8月の、私が夏休みをとってブログを休んでいた時だと思います。「俳壇」にこんな句が採られていました。
敗戦日六才からの民主主義 新潟 嘉代祐一 (無断使用お許しを)
きっと同じくらいの年だと思います。国民学校一年生の夏が敗戦記念日ですから。
幸か不幸か、幼かったものですから、この日を境に世の中が変わったこと、そのために生活が一変したことなどの悲しみは一向に実感しませんでした。
貧しい暮らしは日本中同じでしたし、親兄姉のおかげでどうにか食べられ、勉強勉強と追い立てられることなく、自由に遊びまわっていたのですから。
世の中が急旋回し、生活も、暮らし向きも一変して悲しい思いをしたのは、誇りを持っていた当時はエリートだった両親、・・・父はまだ母に向かってうっぷんを晴らすということが出来ましたが、母は胸に溜まる思いがあったに違いないと後に思いやったのでした。
子供は、昨日までならったことはさらりと忘れ、軍艦の写真は墨で黒々塗る作業に授業時間をつぶしても面白がっていたような気がします。
まさに六才からの、教科書通りの民主主義、人間平等。を教えられるまま信じ暮らしたのです。
急に、話は変わります。今、台風14号の置き土産、夜から続く雨の中、郵便局まで行ってきました。道すがら、すれ違う小学生に会いました。急に、子どもの頃の雨降り、レインシューズなどない通学を思い出しました。「こんな日は”あとばね”がしたもんだ」と。あとばねというのは山口方言でしょうか、履物の裏についた土が歩くたび、ズボンやスカートの後ろに跳ね上がることを言うのでした。

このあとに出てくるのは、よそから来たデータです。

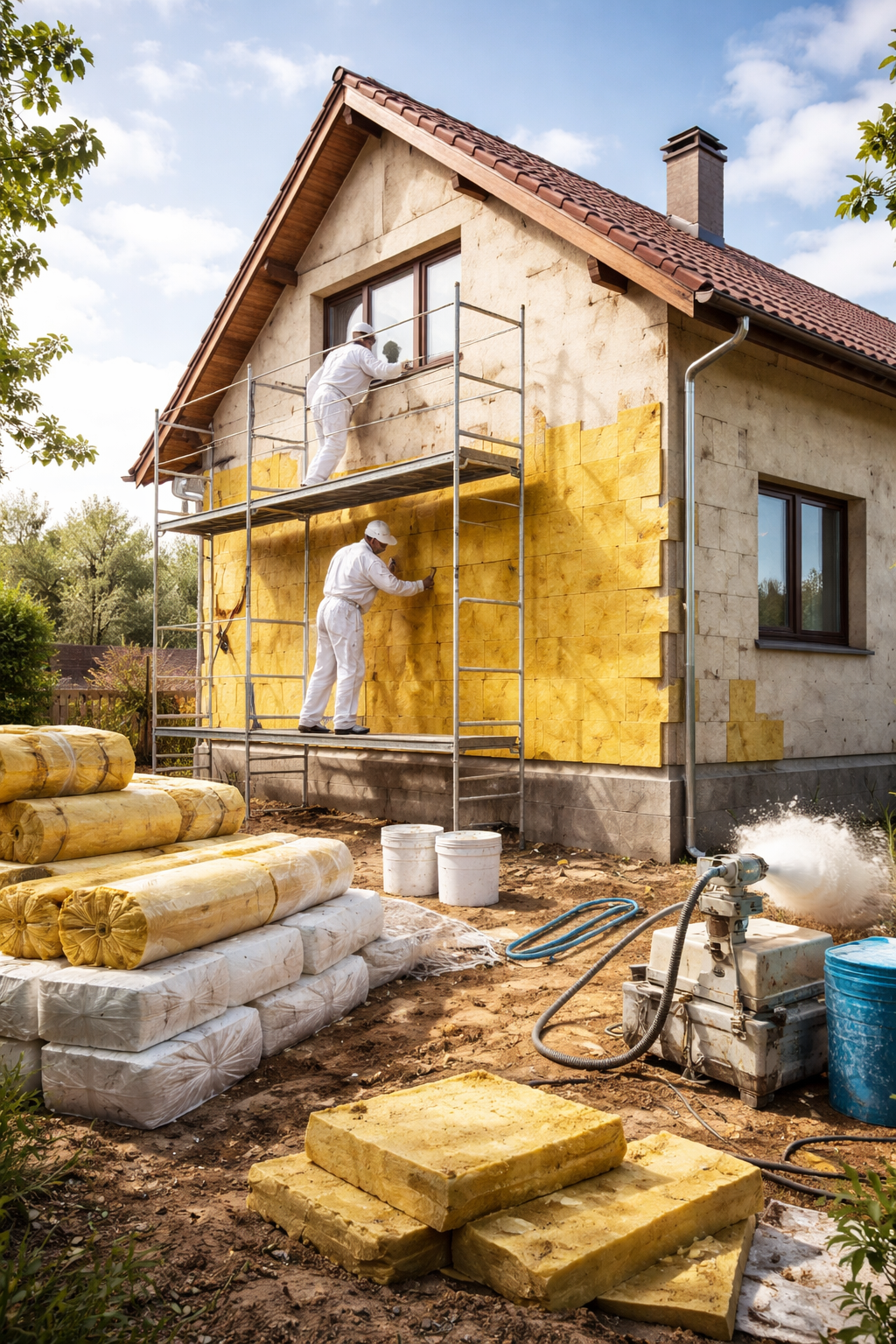 Профессиональное утепление домов в Красном Сулине — тепло, надежность, экономия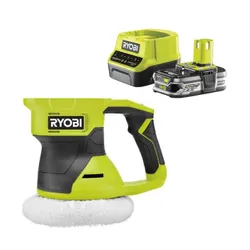 Polerka RYOBI RBP18150-0 + Akumulator RYOBI RC18120-125 2.5Ah 18V + Ładowarka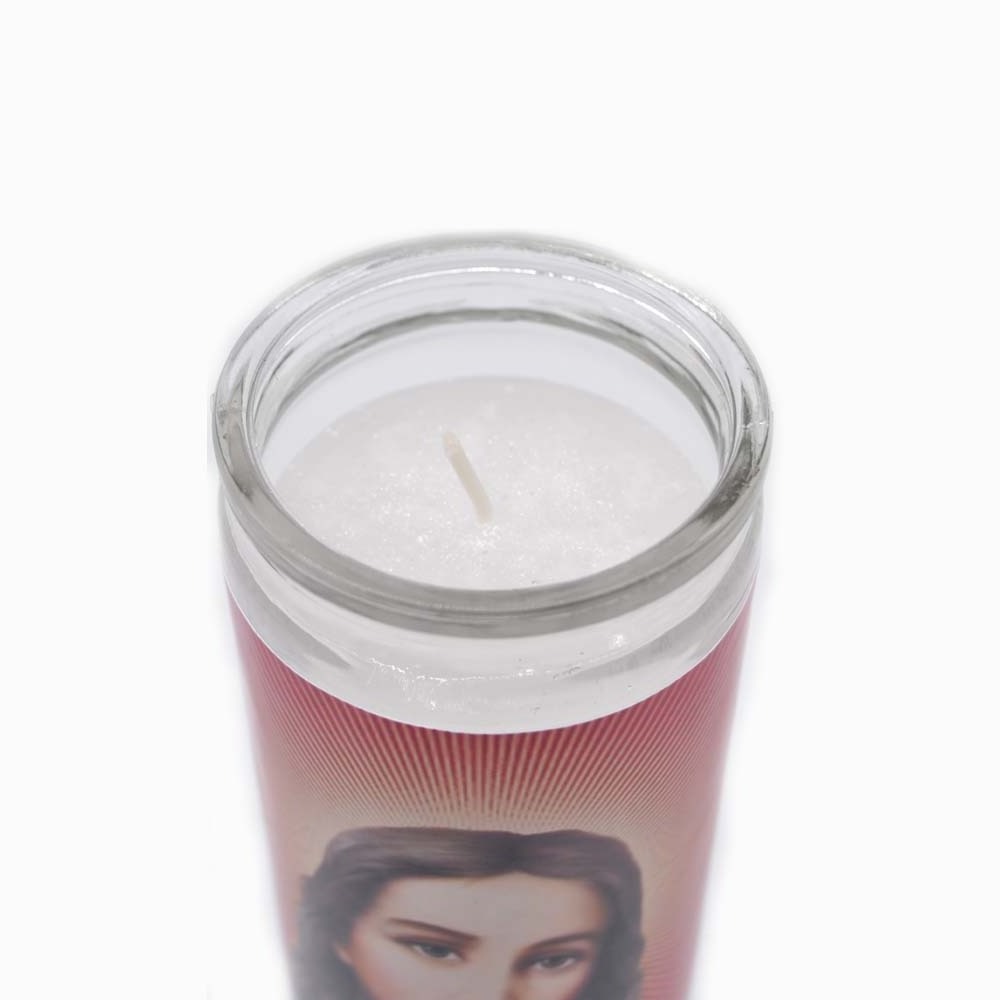 7 day glass candle santisima muerte/ holy death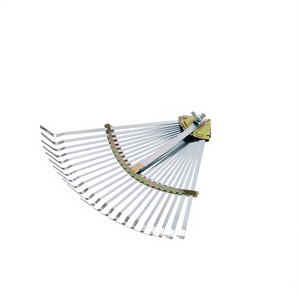 Râteau à feuilles professionnel galvanisé, largeur de travail 320-480 mm, sans manche, pour l'aménagement paysager et la terrasse - FLORA - Product Image 3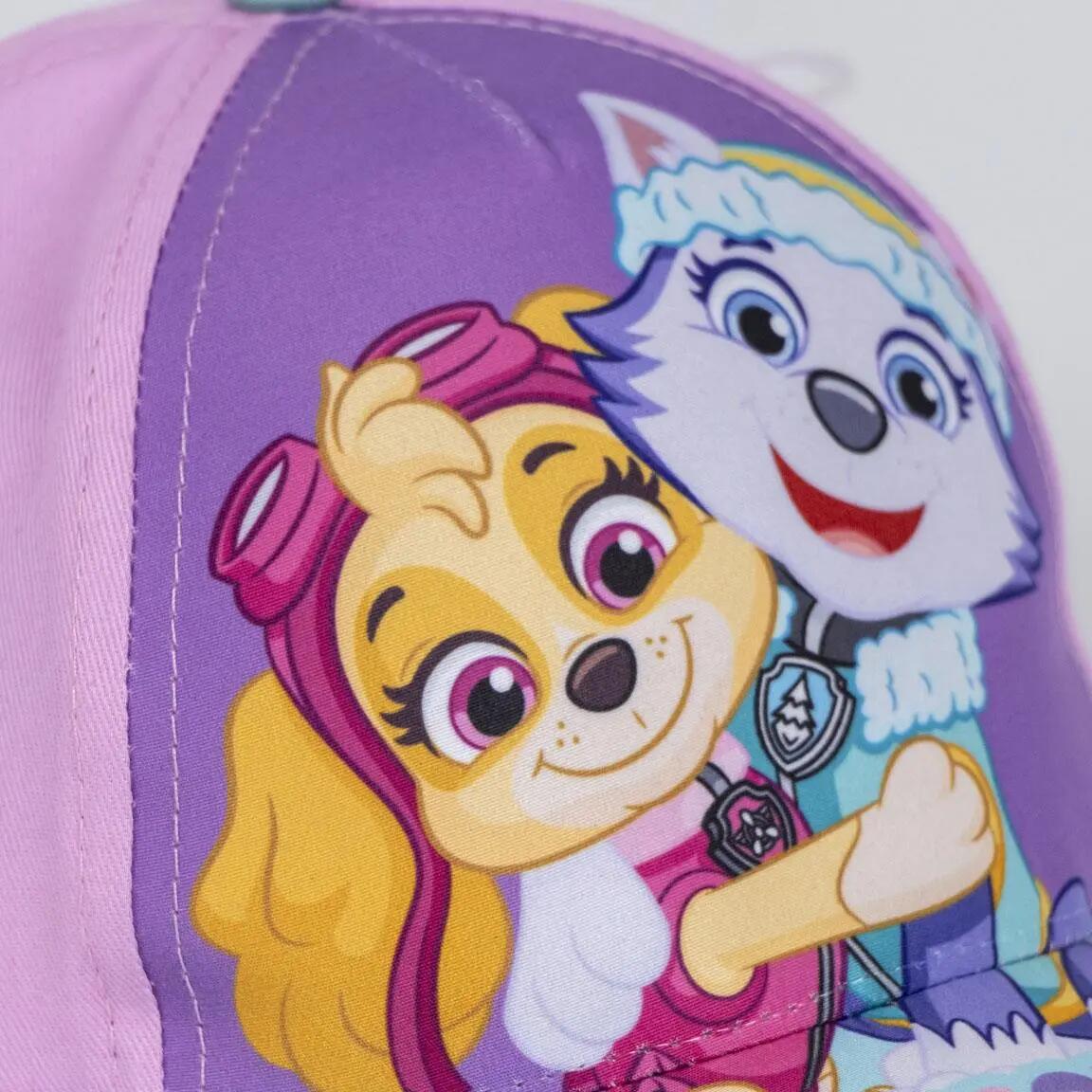 Cappellino Bambini PAW Patrol Ajustable con Visiera Curva Rosa e Lila cotone 5/5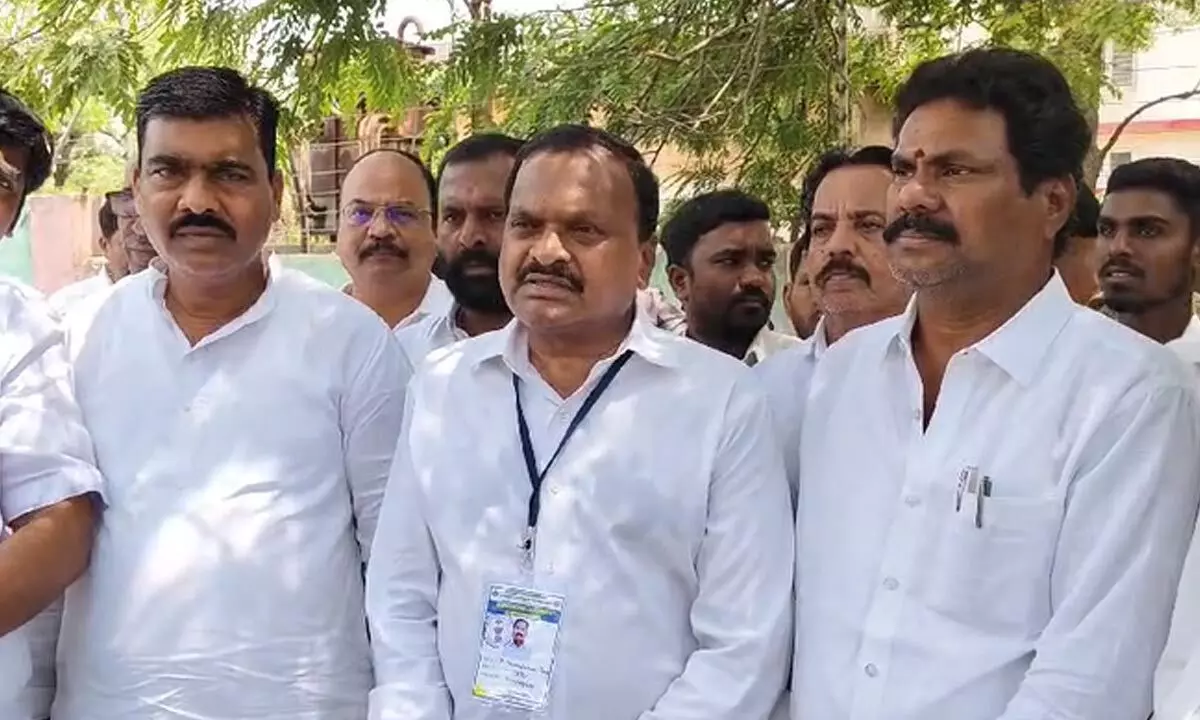 Medak BRS MP Candidate Urges Voters to Turn Out in Large Numbers During Polling Booth Visits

いやいや、時は流れたのです。世の中変ったのです。材料がいいのか、素材が改良されたのか、デザインが工夫されたのか、道路自体が舗装されたからか、今そんな泥撥ねしている子供なんていない。
今日の徹子の部屋は俳優の「中山秀征」でした。4人の男の子の父親だそうです。長男が父親と同じ道を歩き始めてとのこと。徹子さんの「子供の進路選択に対して、親の意見とかあったの?」という質問に対して、特にありませんねえ。子供の進路に口は出せません。自分でやりたいと思うことに突き進んで見なければ・・・親がとやかく指図するべきものではないと思う、とのこと。
そう、今の当然のこのことが「六才からの民主主義」を受けた子供には分かるのだけれど、それ以前の世代の人には分からなかった。我が実家でもいろいろあった。父親の言うことは何がなんでも正しい。絶対服従。長男は外に出ないで親を見ろ、女に学問はいらない、早くいい所に嫁に行け、相手は親が決める、自分で決めるなんて交際は許さん、などなどなど・・・
ああ世の中変った!!
多分自由なだけ、自己責任が問われるだろうけれど、私もそういう世界で生きてみたかった。
人間同時に二つの人生は生きられないからな。